Further Adventures with Token Stream Diffs

I've taken, with a tiny bit of prodding, the Token Stream Diffs Using Pygments from toy to a nascent toolchain that may even almost be useful.

I've brought in two new dependencies Google diff-match-patch and, for nice argument parsing, argparse. The diff-match-patch library provides a character-based diff algorithm and patch format (a character-based unidiff-like format with character escaping) in a number of languages, including my friend Python. I can use diff-match-patch to produce useful patch output (and apply said patches with a simple new tokpatch.py file that is but a wrapper around diff-match-patch patching).

tokdiff.py has grown three new output formats. The original "toy" format I've renamed "verbose" and its quite interesting for debugging and getting an idea of why diffs look the way they do. Most useful, and the new default, is the unidiff-like output. There's also diff-match-patch's much more compact tab-delimited "delta" format, which is interesting, but I don't think is all that safe. (It's an undocumented, outside of the code itself, feature...)

The final output format is the "compare" which outputs some pretty HTML visually showing the differences between the tokenized diff approach and diff-match-patch's standard character-based diff, plus some basic benchmarking of the two algorithms.

Both tools and both dependencies can be grabbed from the darcs repository:

darcs get http://repos.worldmaker.net/tokdiff/main tokdiff

I'll consider putting together a deeper code site for it in the near future.

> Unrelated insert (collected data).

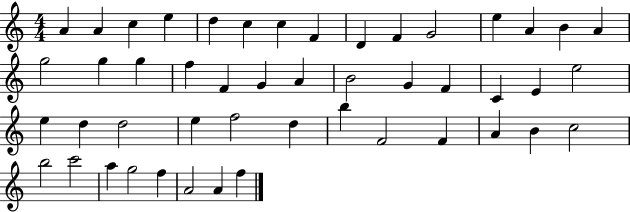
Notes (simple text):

A4/q A4/q C5/q E5/q D5/q C5/q C5/q F4/q D4/q F4/q G4/h E5/q A4/q B4/q A4/q G5/h G5/q G5/q F5/q F4/q G4/q A4/q B4/h G4/q F4/q C4/q E4/q E5/h E5/q D5/q D5/h E5/q F5/h D5/q B5/q F4/h F4/q A4/q B4/q C5/h B5/h C6/h A5/q G5/h F5/q A4/h A4/q F5/q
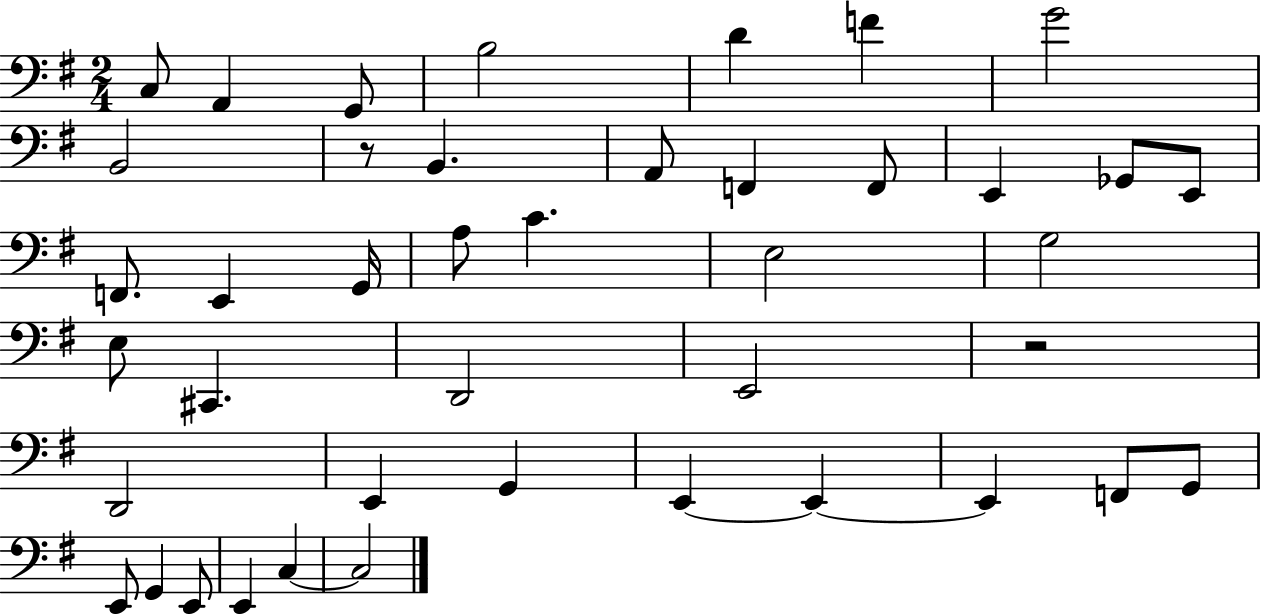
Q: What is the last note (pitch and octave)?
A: C3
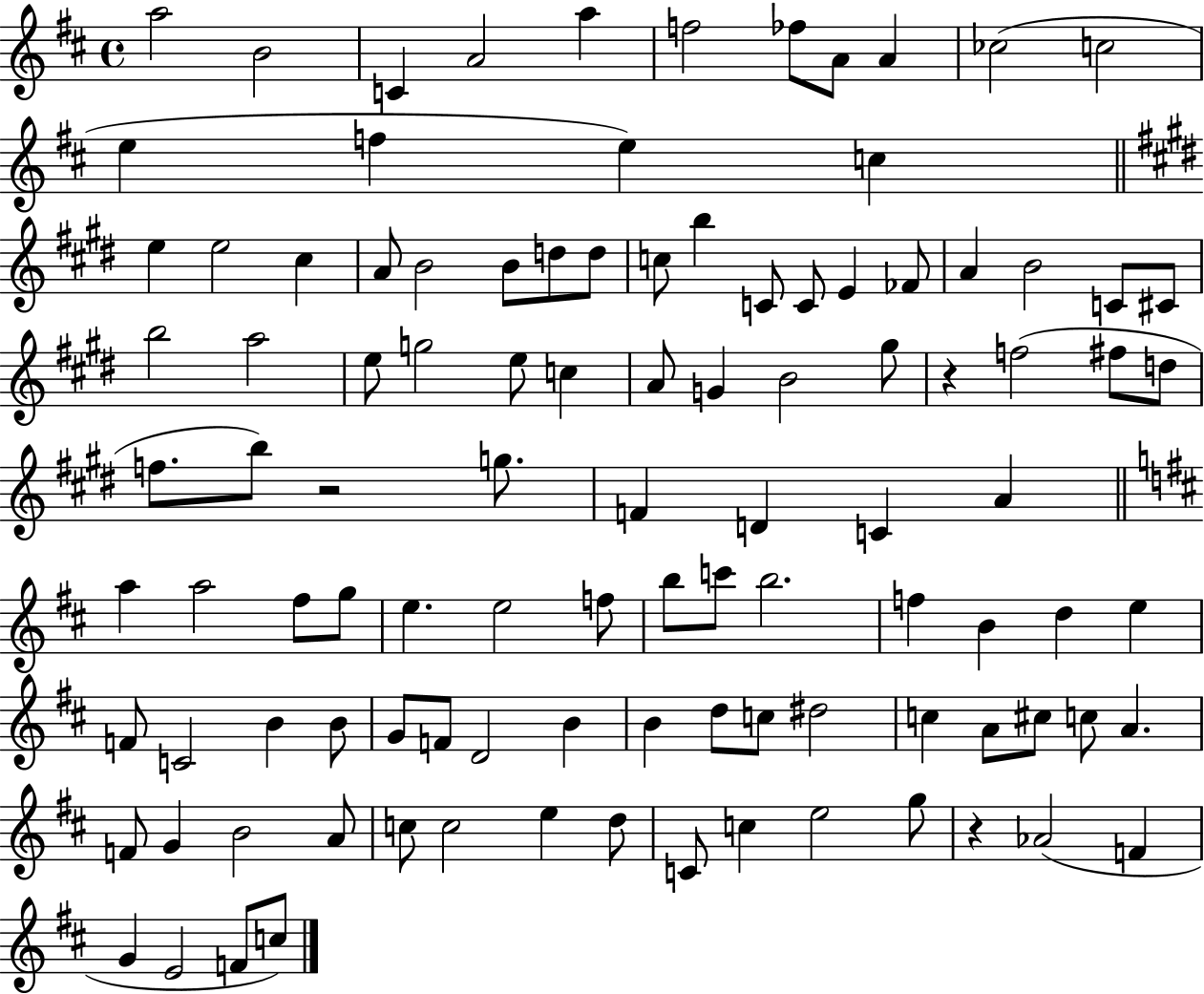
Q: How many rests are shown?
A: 3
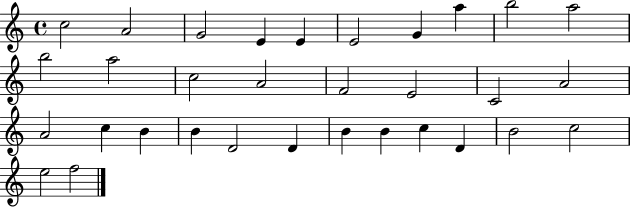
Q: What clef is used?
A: treble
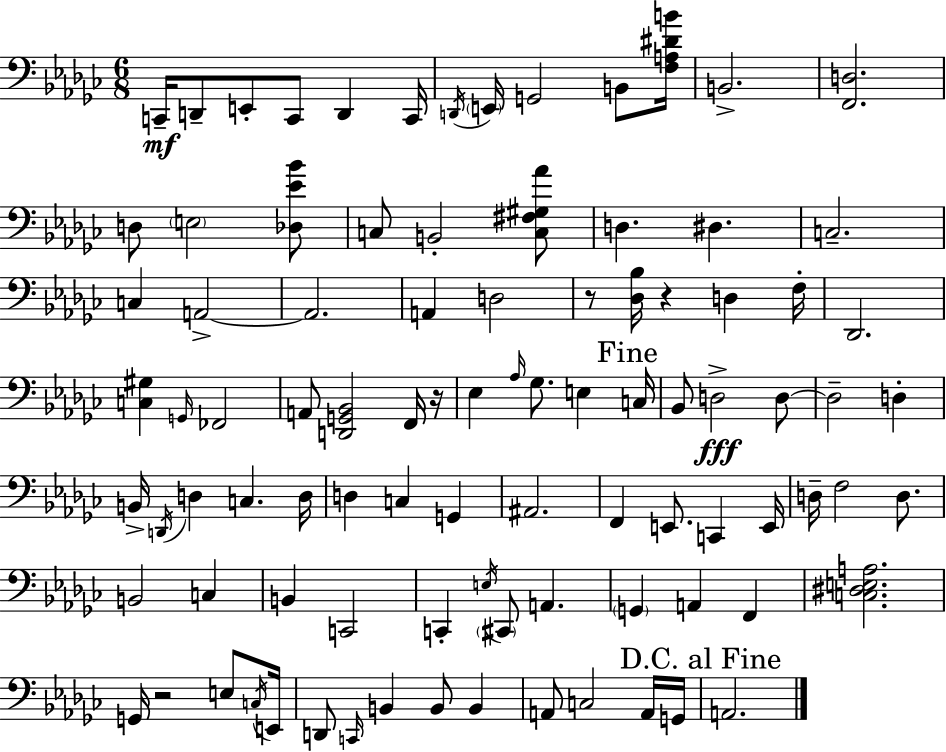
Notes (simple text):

C2/s D2/e E2/e C2/e D2/q C2/s D2/s E2/s G2/h B2/e [F3,A3,D#4,B4]/s B2/h. [F2,D3]/h. D3/e E3/h [Db3,Eb4,Bb4]/e C3/e B2/h [C3,F#3,G#3,Ab4]/e D3/q. D#3/q. C3/h. C3/q A2/h A2/h. A2/q D3/h R/e [Db3,Bb3]/s R/q D3/q F3/s Db2/h. [C3,G#3]/q G2/s FES2/h A2/e [D2,G2,Bb2]/h F2/s R/s Eb3/q Ab3/s Gb3/e. E3/q C3/s Bb2/e D3/h D3/e D3/h D3/q B2/s D2/s D3/q C3/q. D3/s D3/q C3/q G2/q A#2/h. F2/q E2/e. C2/q E2/s D3/s F3/h D3/e. B2/h C3/q B2/q C2/h C2/q E3/s C#2/e A2/q. G2/q A2/q F2/q [C3,D#3,E3,A3]/h. G2/s R/h E3/e C3/s E2/s D2/e C2/s B2/q B2/e B2/q A2/e C3/h A2/s G2/s A2/h.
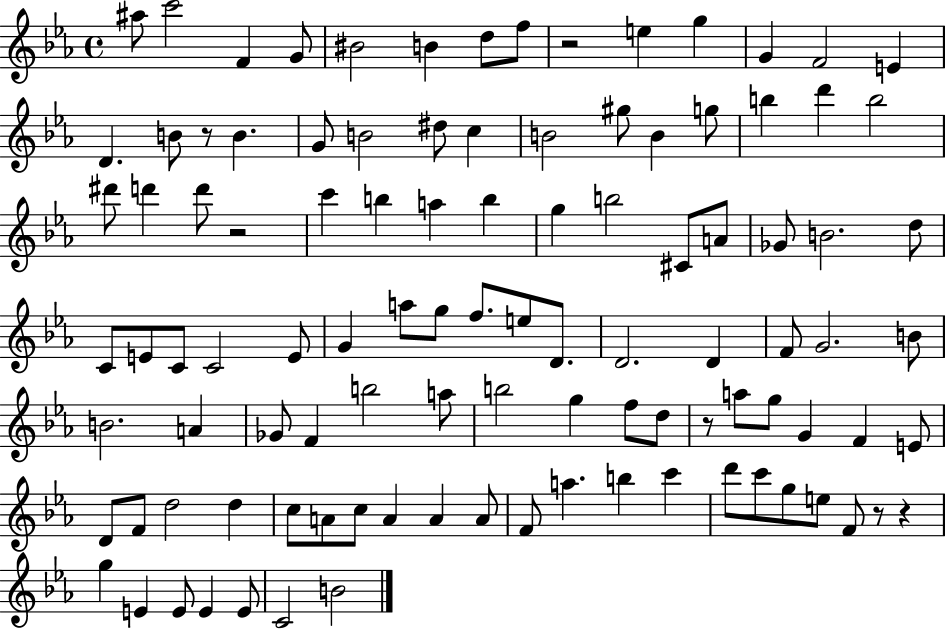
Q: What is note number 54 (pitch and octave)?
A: D4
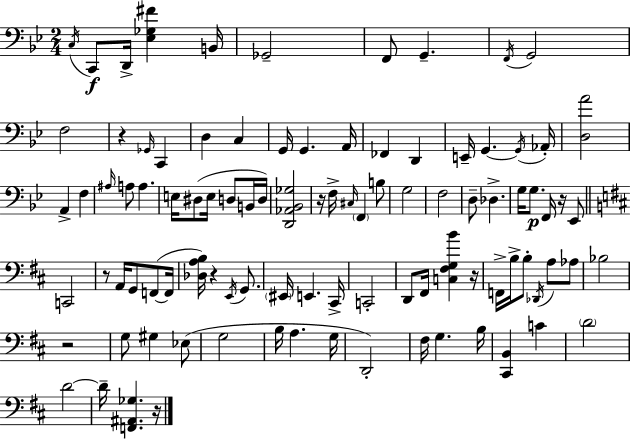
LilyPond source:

{
  \clef bass
  \numericTimeSignature
  \time 2/4
  \key g \minor
  \acciaccatura { c16 }\f c,8 d,16-> <ees ges fis'>4 | b,16 ges,2-- | f,8 g,4.-- | \acciaccatura { f,16 } g,2 | \break f2 | r4 \grace { ges,16 } c,4 | d4 c4 | g,16 g,4. | \break a,16 fes,4 d,4 | e,16-- g,4.~~ | \acciaccatura { g,16 } aes,16-. <d a'>2 | a,4-> | \break f4 \grace { ais16 } a8 a4. | e16 dis8( | e16 d8 b,16 d16) <d, aes, bes, ges>2 | r16 f16-> \grace { cis16 } | \break \parenthesize f,4 b8 g2 | f2 | d8-- | des4.-> g16 g8.\p | \break f,16 r16 ees,8 \bar "||" \break \key d \major c,2 | r8 a,16 g,8 f,8~(~ f,16 | <des a b>16) r4 \acciaccatura { e,16 } g,8. | \parenthesize eis,16 e,4. | \break cis,16-> c,2-. | d,8 fis,16 <c fis g b'>4 | r16 f,16-> b16-> b8-. \acciaccatura { des,16 } a8 | aes8 bes2 | \break r2 | g8 gis4 | ees8( g2 | b16 a4. | \break g16 d,2-.) | fis16 g4. | b16 <cis, b,>4 c'4 | \parenthesize d'2 | \break d'2~~ | d'16-- <f, ais, ges>4. | r16 \bar "|."
}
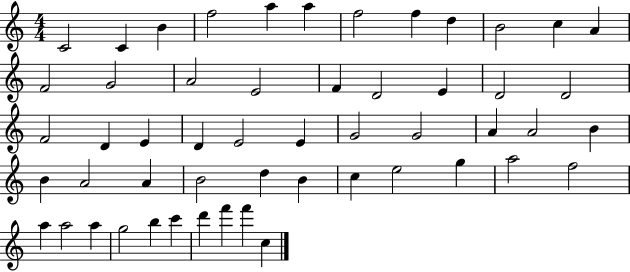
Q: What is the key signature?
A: C major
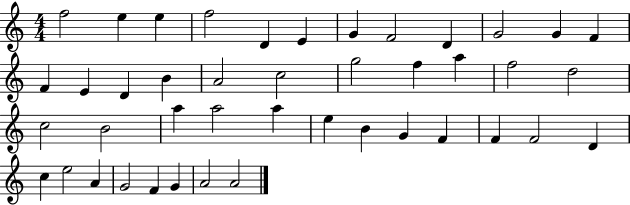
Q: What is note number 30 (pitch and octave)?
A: B4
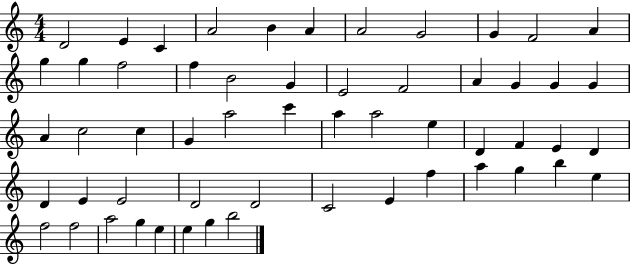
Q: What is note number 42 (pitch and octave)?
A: C4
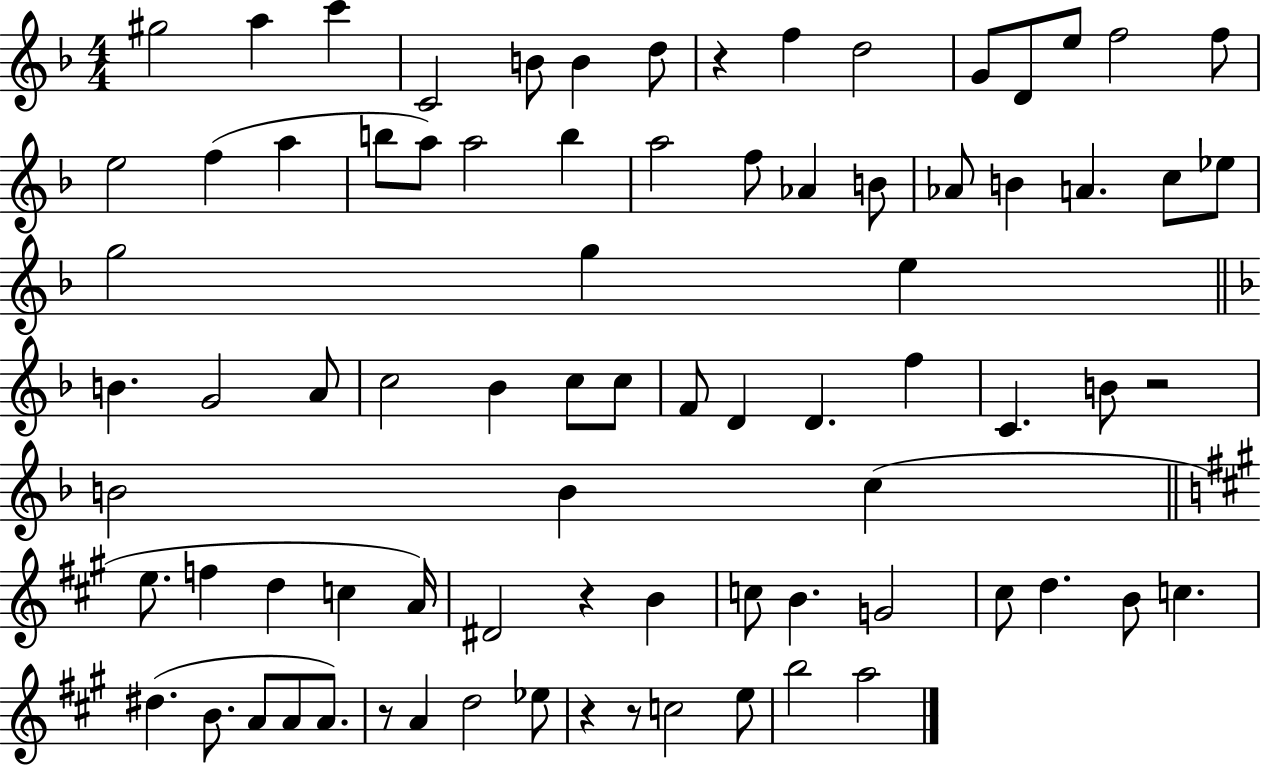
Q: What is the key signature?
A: F major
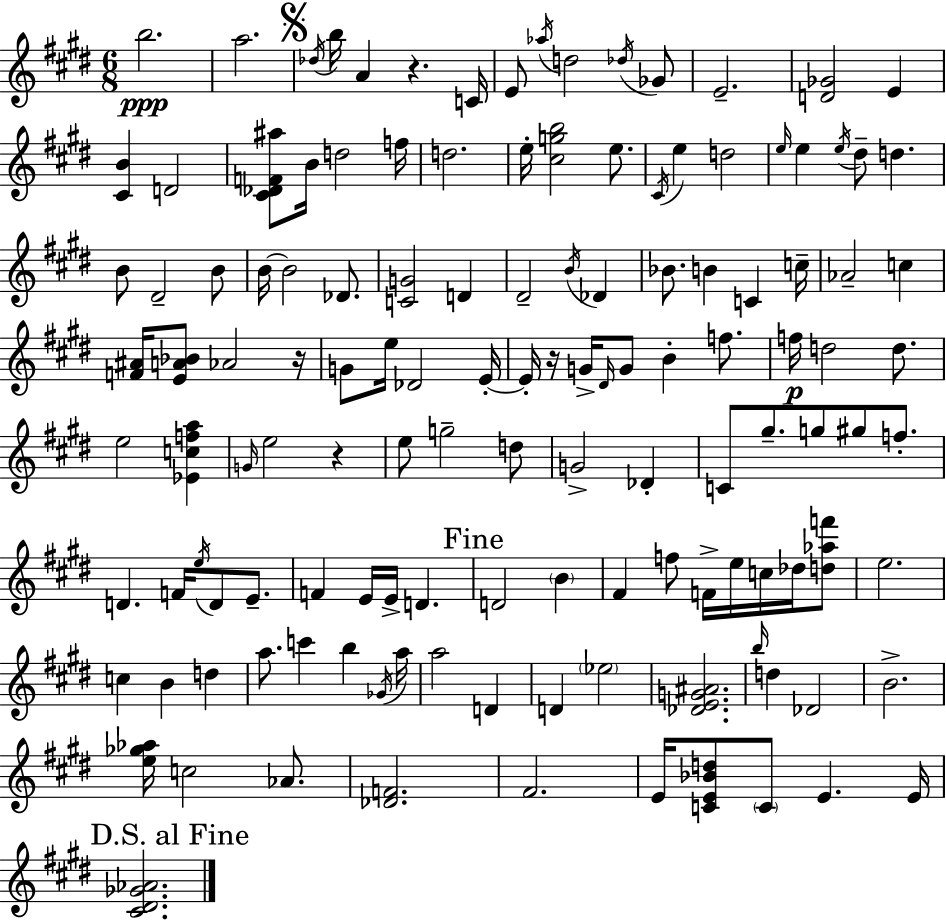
{
  \clef treble
  \numericTimeSignature
  \time 6/8
  \key e \major
  b''2.\ppp | a''2. | \mark \markup { \musicglyph "scripts.segno" } \acciaccatura { des''16 } b''16 a'4 r4. | c'16 e'8 \acciaccatura { aes''16 } d''2 | \break \acciaccatura { des''16 } ges'8 e'2.-- | <d' ges'>2 e'4 | <cis' b'>4 d'2 | <cis' des' f' ais''>8 b'16 d''2 | \break f''16 d''2. | e''16-. <cis'' g'' b''>2 | e''8. \acciaccatura { cis'16 } e''4 d''2 | \grace { e''16 } e''4 \acciaccatura { e''16 } dis''8-- | \break d''4. b'8 dis'2-- | b'8 b'16~~ b'2 | des'8. <c' g'>2 | d'4 dis'2-- | \break \acciaccatura { b'16 } des'4 bes'8. b'4 | c'4 c''16-- aes'2-- | c''4 <f' ais'>16 <e' a' bes'>8 aes'2 | r16 g'8 e''16 des'2 | \break e'16-.~~ e'16-. r16 g'16-> \grace { dis'16 } g'8 | b'4-. f''8. f''16\p d''2 | d''8. e''2 | <ees' c'' f'' a''>4 \grace { g'16 } e''2 | \break r4 e''8 g''2-- | d''8 g'2-> | des'4-. c'8 gis''8.-- | g''8 gis''8 f''8.-. d'4. | \break f'16 \acciaccatura { e''16 } d'8 e'8.-- f'4 | e'16 e'16-> d'4. \mark "Fine" d'2 | \parenthesize b'4 fis'4 | f''8 f'16-> e''16 c''16 des''16 <d'' aes'' f'''>8 e''2. | \break c''4 | b'4 d''4 a''8. | c'''4 b''4 \acciaccatura { ges'16 } a''16 a''2 | d'4 d'4 | \break \parenthesize ees''2 <des' e' g' ais'>2. | \grace { b''16 } | d''4 des'2 | b'2.-> | \break <e'' ges'' aes''>16 c''2 aes'8. | <des' f'>2. | fis'2. | e'16 <c' e' bes' d''>8 \parenthesize c'8 e'4. e'16 | \break \mark "D.S. al Fine" <cis' dis' ges' aes'>2. | \bar "|."
}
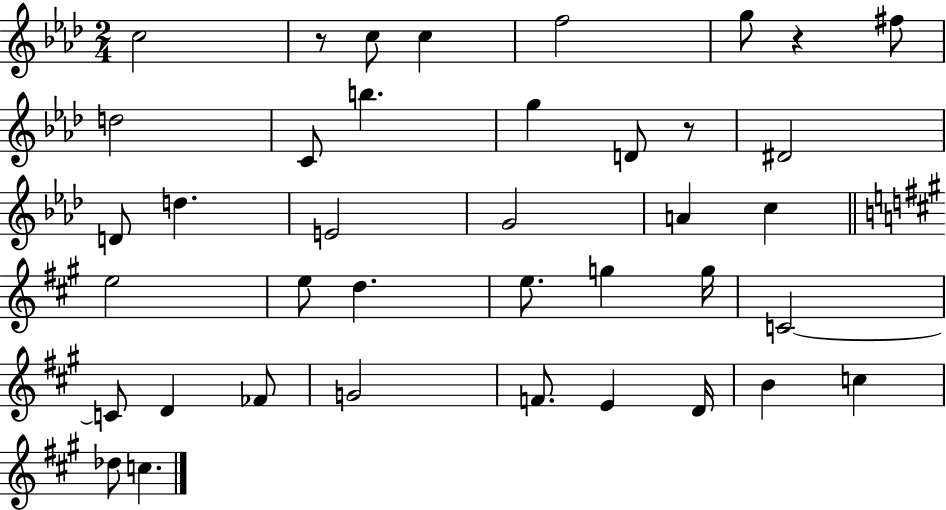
{
  \clef treble
  \numericTimeSignature
  \time 2/4
  \key aes \major
  c''2 | r8 c''8 c''4 | f''2 | g''8 r4 fis''8 | \break d''2 | c'8 b''4. | g''4 d'8 r8 | dis'2 | \break d'8 d''4. | e'2 | g'2 | a'4 c''4 | \break \bar "||" \break \key a \major e''2 | e''8 d''4. | e''8. g''4 g''16 | c'2~~ | \break c'8 d'4 fes'8 | g'2 | f'8. e'4 d'16 | b'4 c''4 | \break des''8 c''4. | \bar "|."
}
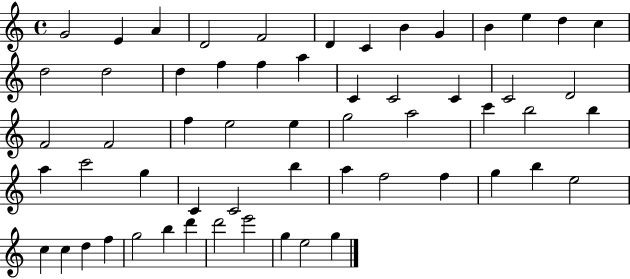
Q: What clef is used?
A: treble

Some brief observations and thoughts for future directions:

I shouldn't be too surprised by it, but the tokenized diff does generally seem to be an order of magnitude faster than diff-match-patch's more generalized character-based diff algorithm.
I think there are still some interesting heuristics that can be further applied to make the tokenized diff even smarter. I'm not sure how exactly to start on that (I've been lucky to get as far as I have on the backs of existing diff algorithms).
I'd like to experiment with darcs-like patch selection UI using the tokenized diffs; particularly using the existing tokenization for syntax highlighting.
I'd like to know if anyone finds interesting real applications of this quick hack.